* **Exercise instructions**: Transcribe exactly the lines from the one holding "Various coins." through the closing line of the entries below. Pictures stay out of the copy.

* **Information provided**:
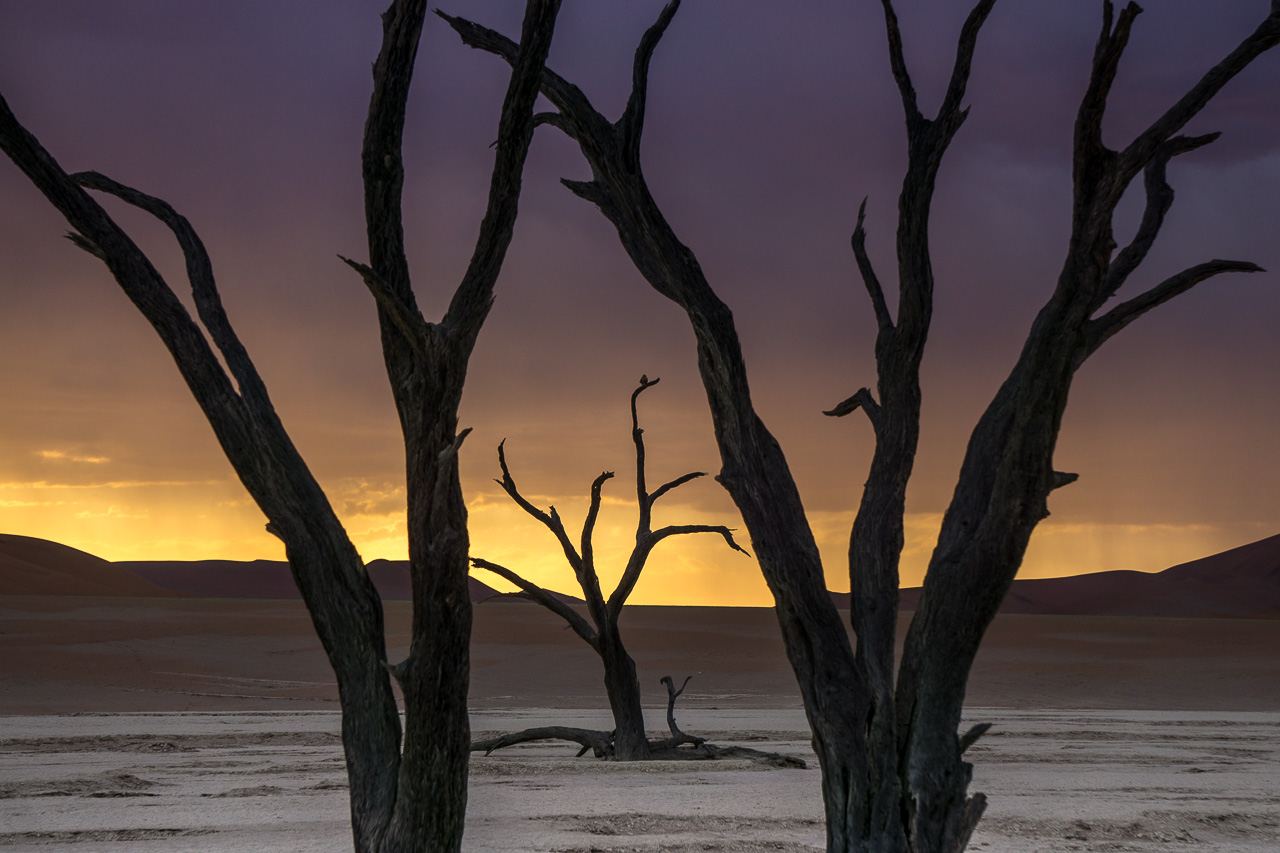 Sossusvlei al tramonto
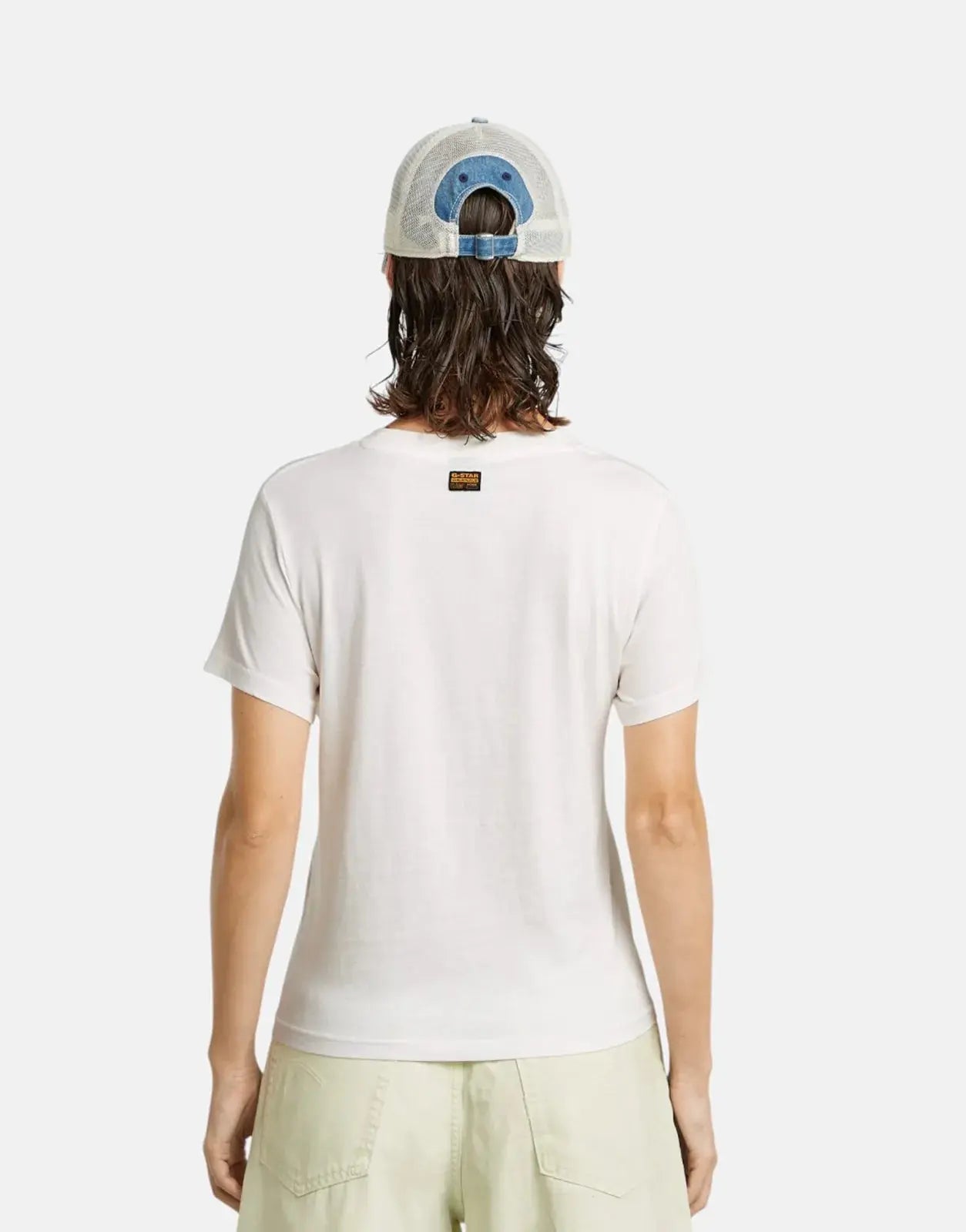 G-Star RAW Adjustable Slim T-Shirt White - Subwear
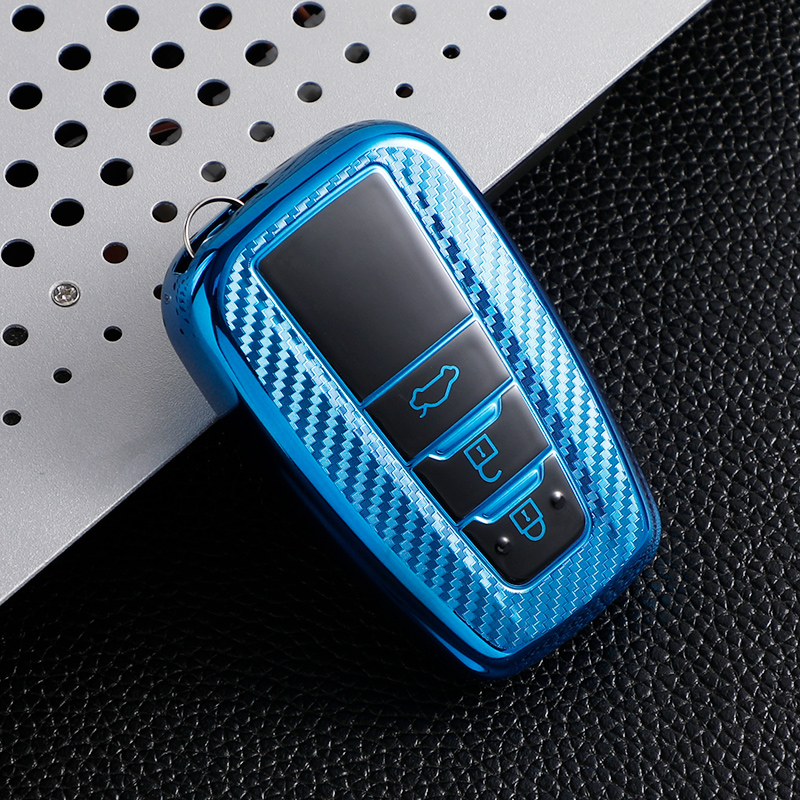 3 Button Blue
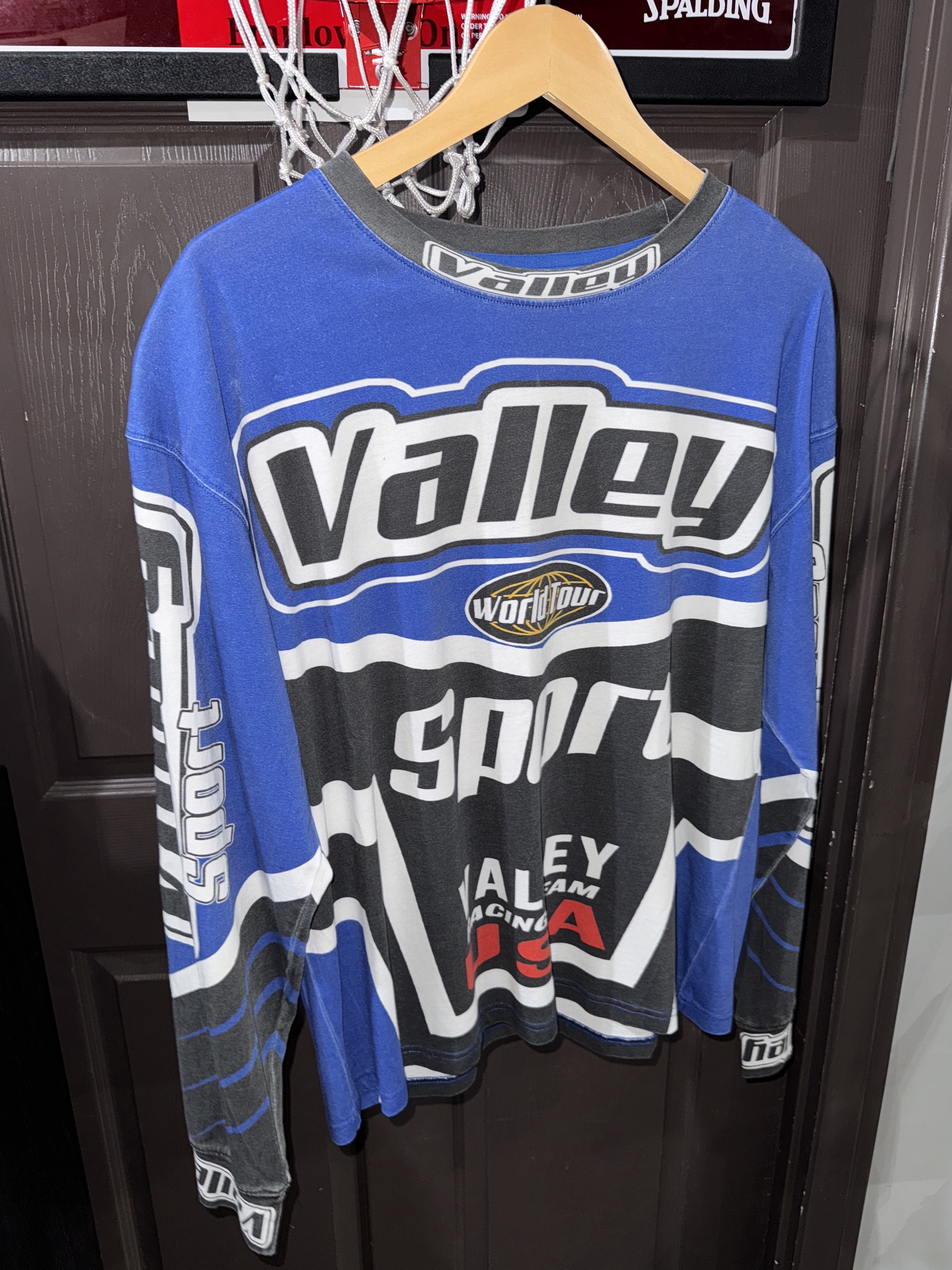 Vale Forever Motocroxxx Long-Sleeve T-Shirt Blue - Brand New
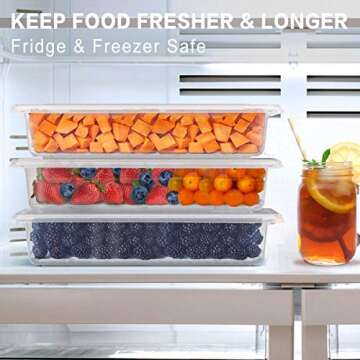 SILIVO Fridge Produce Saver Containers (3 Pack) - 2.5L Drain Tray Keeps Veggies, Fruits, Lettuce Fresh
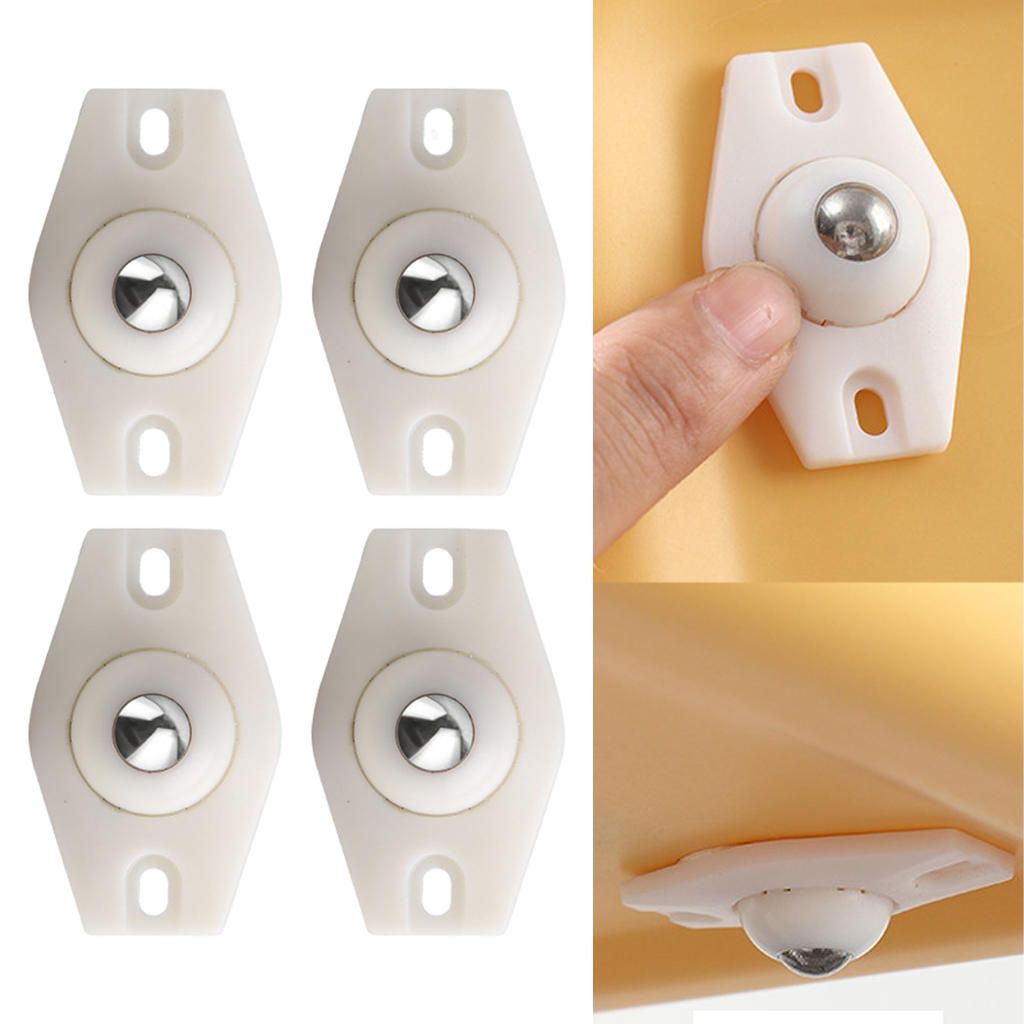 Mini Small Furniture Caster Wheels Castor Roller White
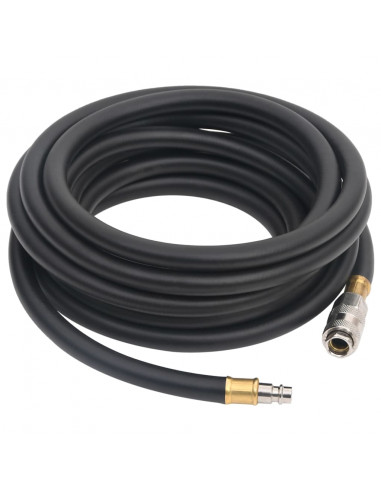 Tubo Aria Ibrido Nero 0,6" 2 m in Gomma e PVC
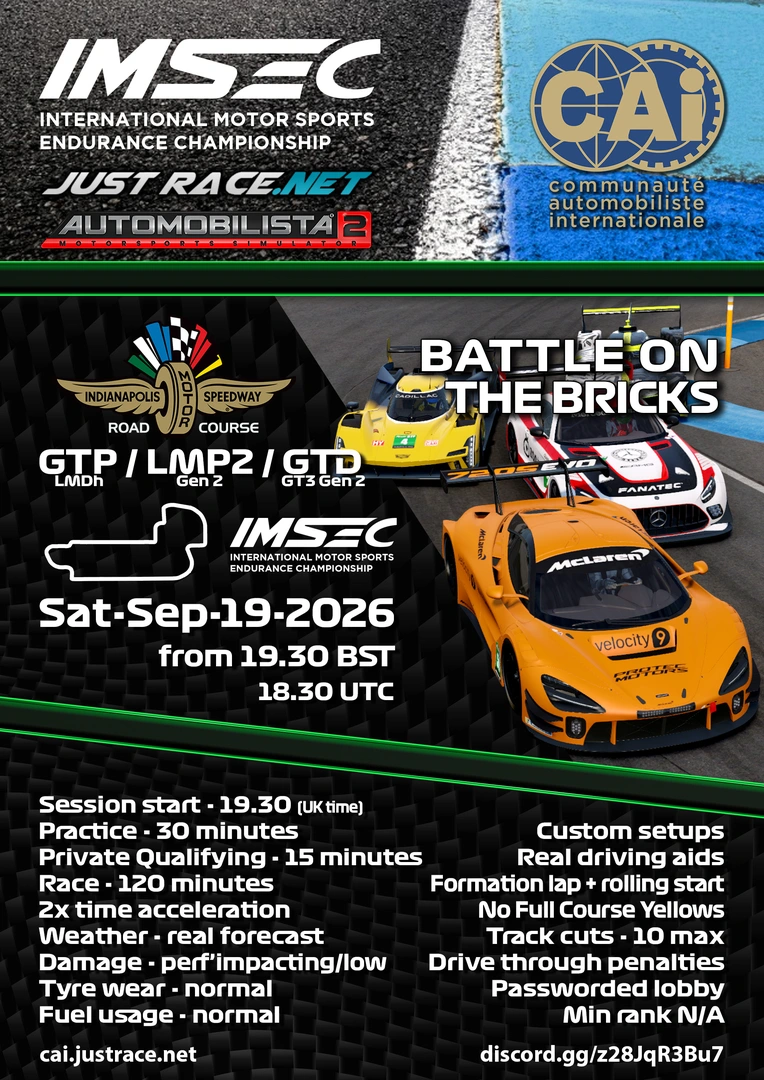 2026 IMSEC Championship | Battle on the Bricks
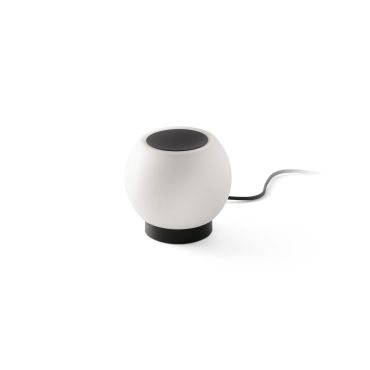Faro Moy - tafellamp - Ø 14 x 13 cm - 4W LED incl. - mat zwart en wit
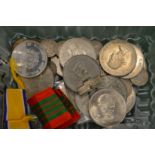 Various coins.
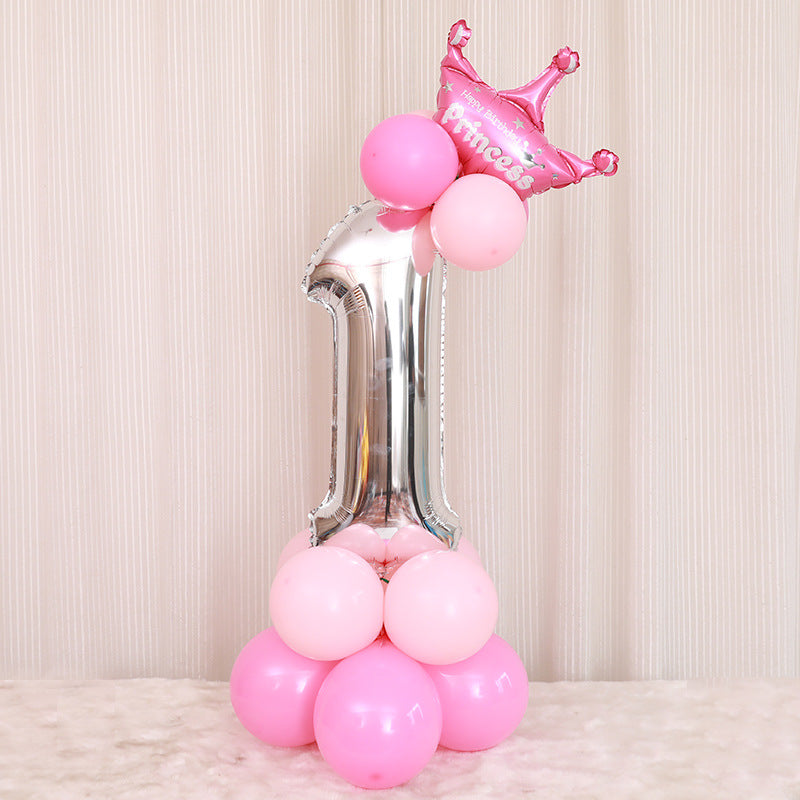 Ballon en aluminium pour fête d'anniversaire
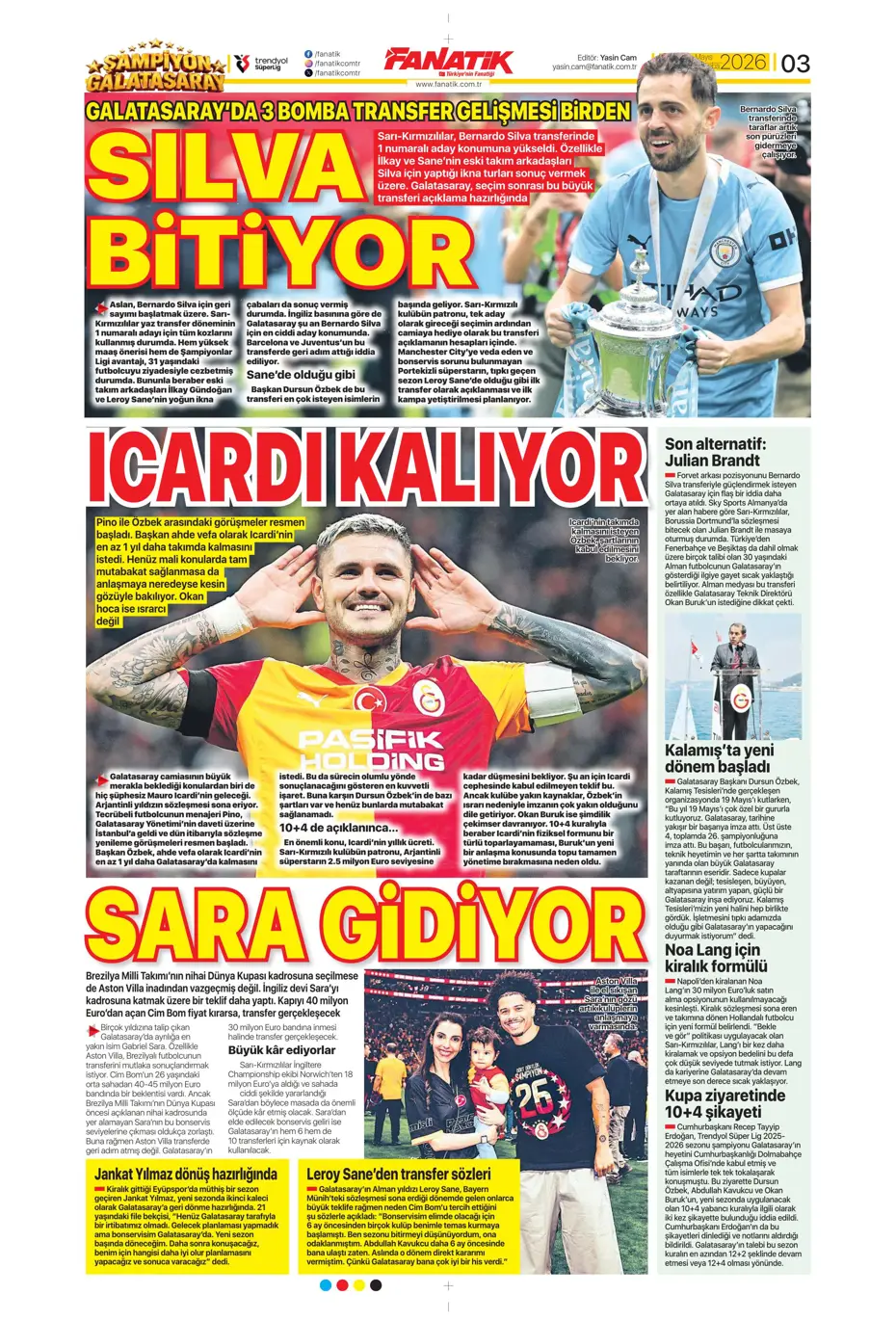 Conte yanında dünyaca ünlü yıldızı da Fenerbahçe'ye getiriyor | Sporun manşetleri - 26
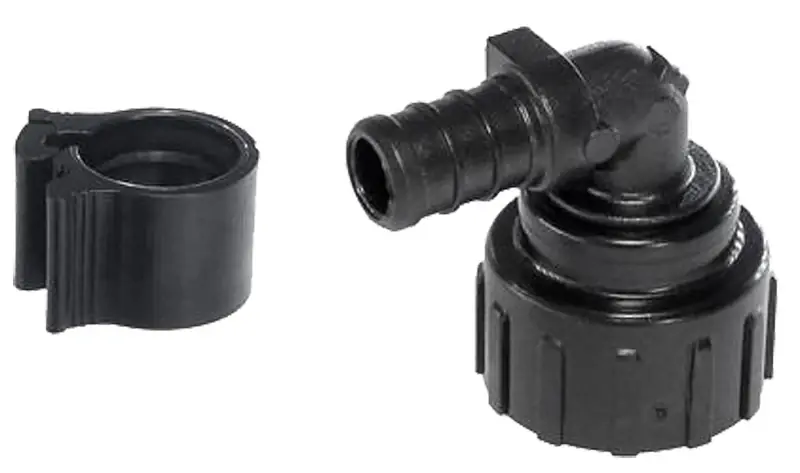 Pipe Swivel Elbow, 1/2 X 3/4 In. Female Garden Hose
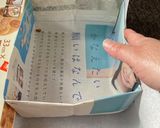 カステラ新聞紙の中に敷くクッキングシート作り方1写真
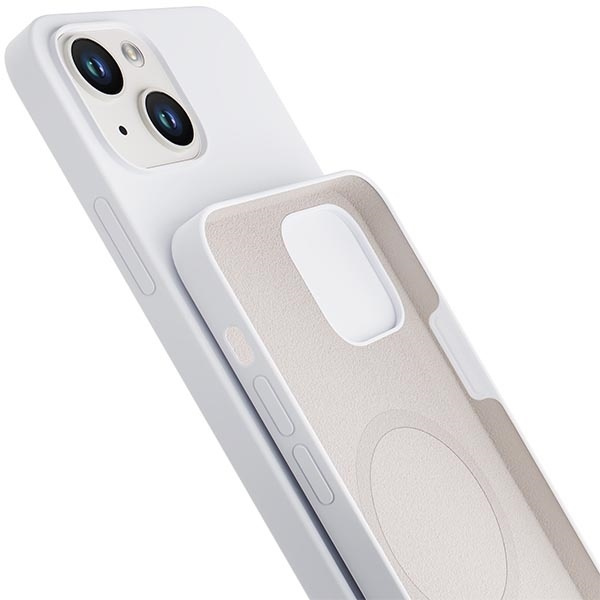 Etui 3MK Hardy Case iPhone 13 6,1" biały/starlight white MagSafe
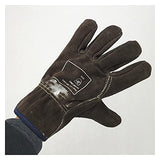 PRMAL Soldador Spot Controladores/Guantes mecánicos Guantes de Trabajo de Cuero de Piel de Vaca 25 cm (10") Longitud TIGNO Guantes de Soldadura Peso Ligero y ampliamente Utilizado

* **Solution to this exercise**:
 Various coins.
 Ballon en aluminium pour fête d'anniversaire
 Conte yanında dünyaca ünlü yıldızı da Fenerbahçe'ye getiriyor | Sporun manşetleri - 26
 Pipe Swivel Elbow, 1/2 X 3/4 In. Female Garden Hose
 カステラ新聞紙の中に敷くクッキングシート作り方1写真
 Etui 3MK Hardy Case iPhone 13 6,1" biały/starlight white MagSafe
 PRMAL Soldador Spot Controladores/Guantes mecánicos Guantes de Trabajo de Cuero de Piel de Vaca 25 cm (10") Longitud TIGNO Guantes de Soldadura Peso Ligero y ampliamente Utilizado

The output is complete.